I have tried to train your internal block and I'm getting a different error (on Linux):
conv[channelsIn_, channelsOut_, length_ : 1024] :=
ConvolutionLayer[channelsOut, {7}, "Input" -> {channelsIn, length},
PaddingSize -> 3];
batchnorm[channelsIn_, length_ : 1024] :=
BatchNormalizationLayer["Input" -> {channelsIn, length}];
relu[channelsIn_, length_ : 1024] :=
ElementwiseLayer["ReLU", "Input" -> {channelsIn, length}];
residual[channelsIn_, length_ : 1024] :=
NetGraph[{LinearLayer[{channelsIn, length}],
ElementwiseLayer[Ramp, "Input" -> {channelsIn, length}],
ThreadingLayer[Plus, "Output" -> {channelsIn, length},
InputPorts -> 2]}, {1 -> 2, {NetPort["Input"], 2} -> 3},
"Input" -> {channelsIn, length}];
net = NetFlatten@NetChain[
{
conv[8, 16, 512],
batchnorm[16, 512],
relu[16, 512],
residual[16, 512],
conv[16, 16, 512],
batchnorm[16, 512],
relu[16, 512]
},
"Input" -> {8, 512},
"Output" -> {16, 512}
]
NetTrain[net,
RandomReal[1, {100, 8, 512}] -> RandomReal[1, {100, 16, 512}]]
Error is
MXNetError: Check failed: !is_view:
Regardless of the error, these are MXNet bugs and unfortunately we have to live with them until we migrate the framework to a different backend, whose timeframe is very long (hard to predict, maybe around 1-2 years).

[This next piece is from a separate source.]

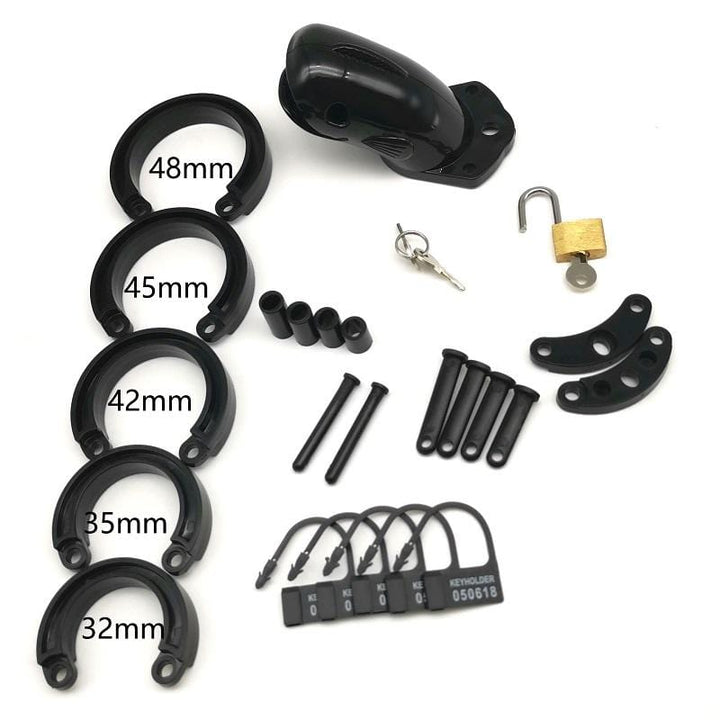 1683AR Black Locking Male Chastity Cage - LAST CHANCE - Final Closeout! MEGA Deal , Sub-Shop.com Bondage and Fetish Superstore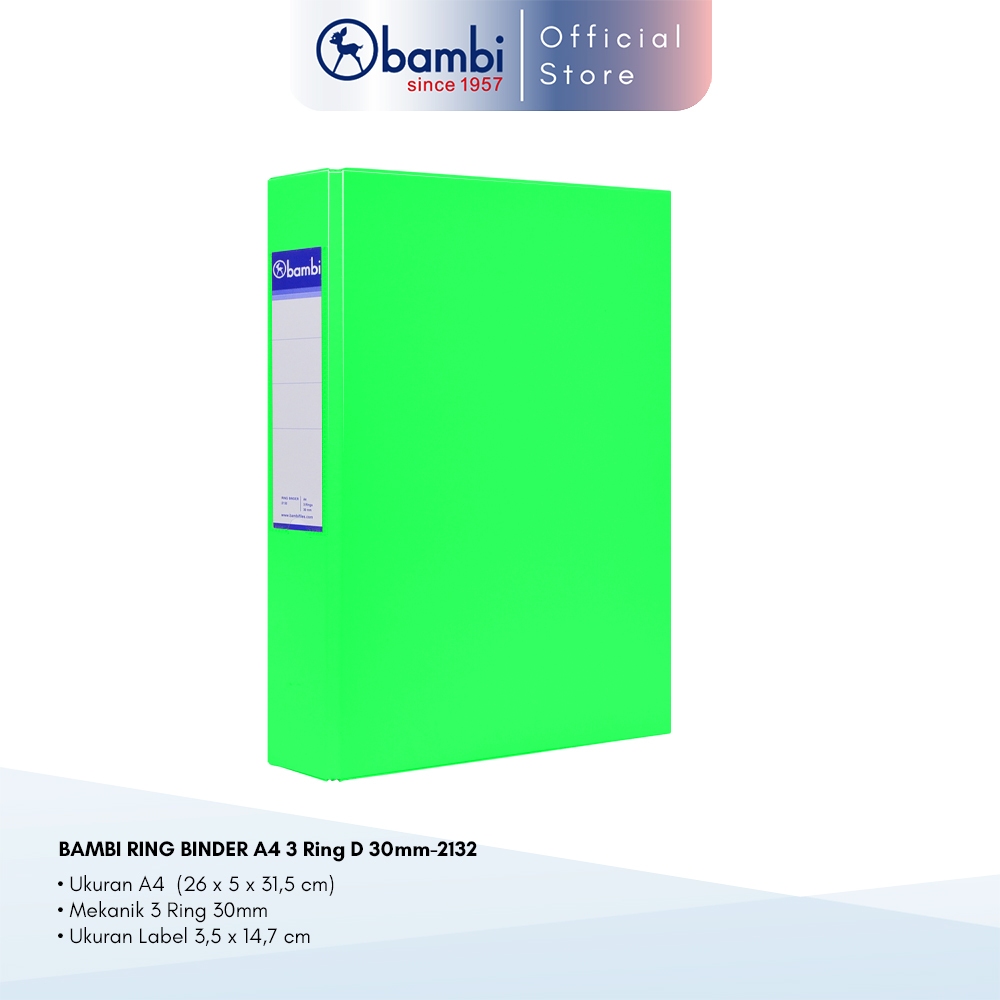 

Bambi Ring Binder A4 3 Ring D-Type Fluoro Green MID SIZE 30 mm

As a workaround, I could train the net normally by removing the batchnorms or by setting WorkingPrecision -> "Real64"
, but speed is going to suffer greatly from the latter. You are getting a different error so I'm not sure what works for you. I think WorkingPrecision -> "Real64"
is going to work, not sure about removing the batchnorms.